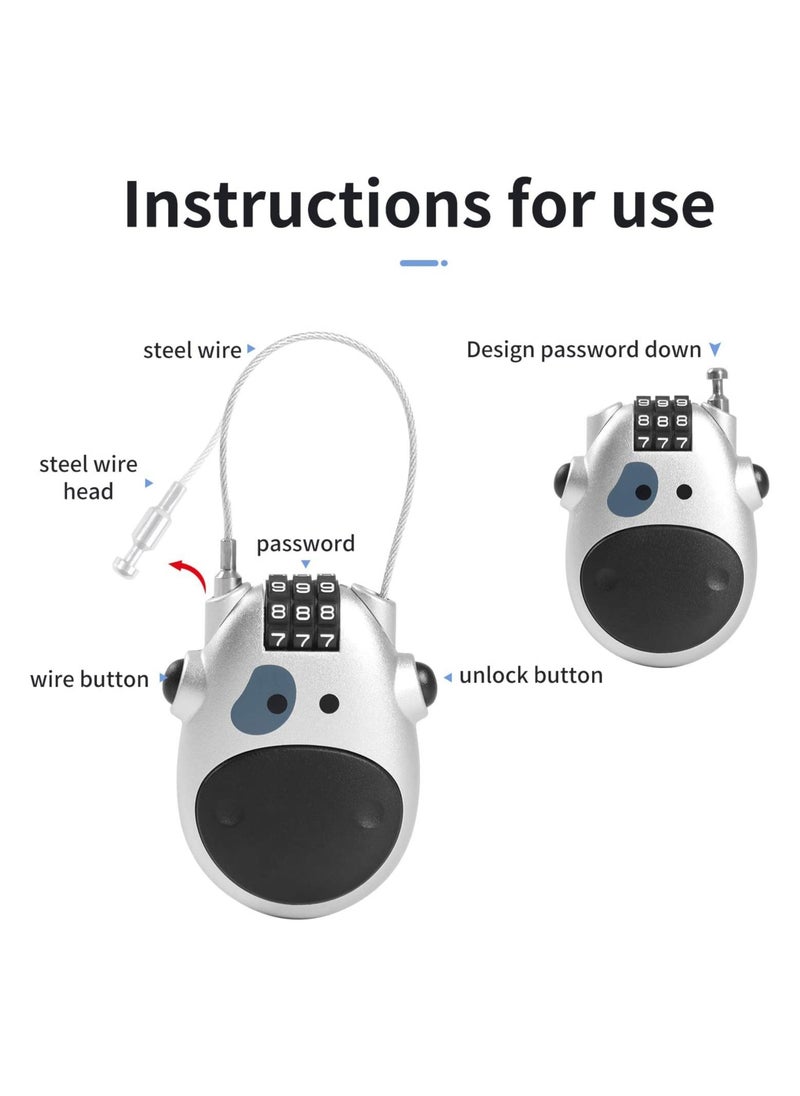 Dominy Bike Cable Locks,Cable Lock, Bike Locks, Combinations Bicycle Cable Lock, Luggage Lock Stroller Lock,3 Digit Adjustable Combo Mini Lock with 28.3 Inch 72cm Retractable Steel cable,Silver  - Image 3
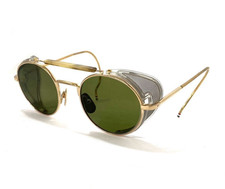 Thom Browne Sunglasses TB-001B T48 48  21-112 Gold Frame Green Lens USED Eyewear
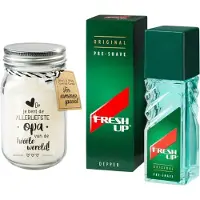 Fresh Up Cadeauset Opa met Kaars - Preshave Depper 100 ml - Paper Dreams Kaars Opa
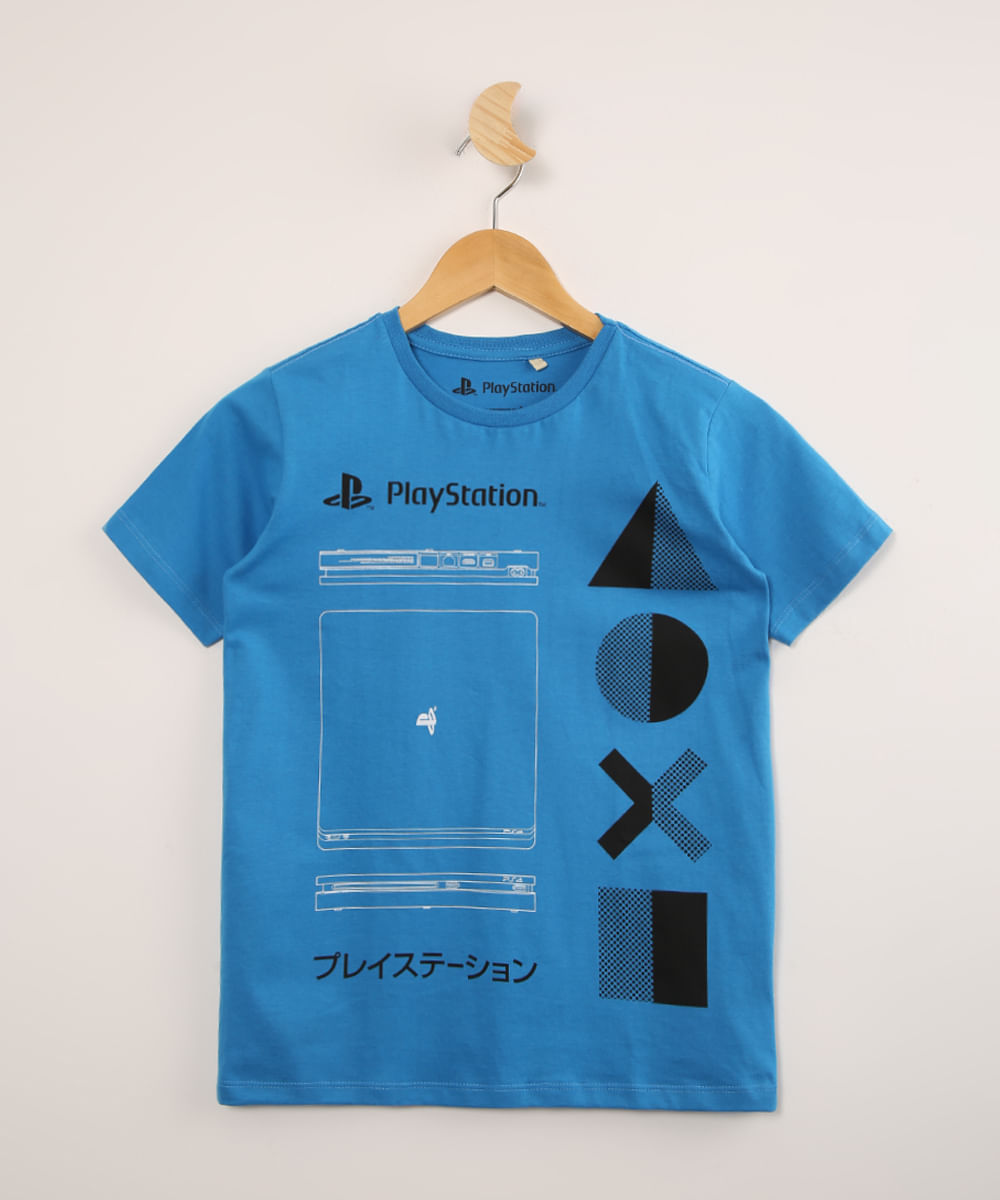 Camiseta Juvenil de Algodão PlayStation Manga Curta Azul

→ WORK TO COMPLETE:
Working from the line containing "Thom Browne Sunglasses" to the last line of the data, retype every line exactly, both ends included, and leave out all pictures.

→ COMPLETED TASK:
 Thom Browne Sunglasses TB-001B T48 48  21-112 Gold Frame Green Lens USED Eyewear
 Fresh Up Cadeauset Opa met Kaars - Preshave Depper 100 ml - Paper Dreams Kaars Opa
 Camiseta Juvenil de Algodão PlayStation Manga Curta Azul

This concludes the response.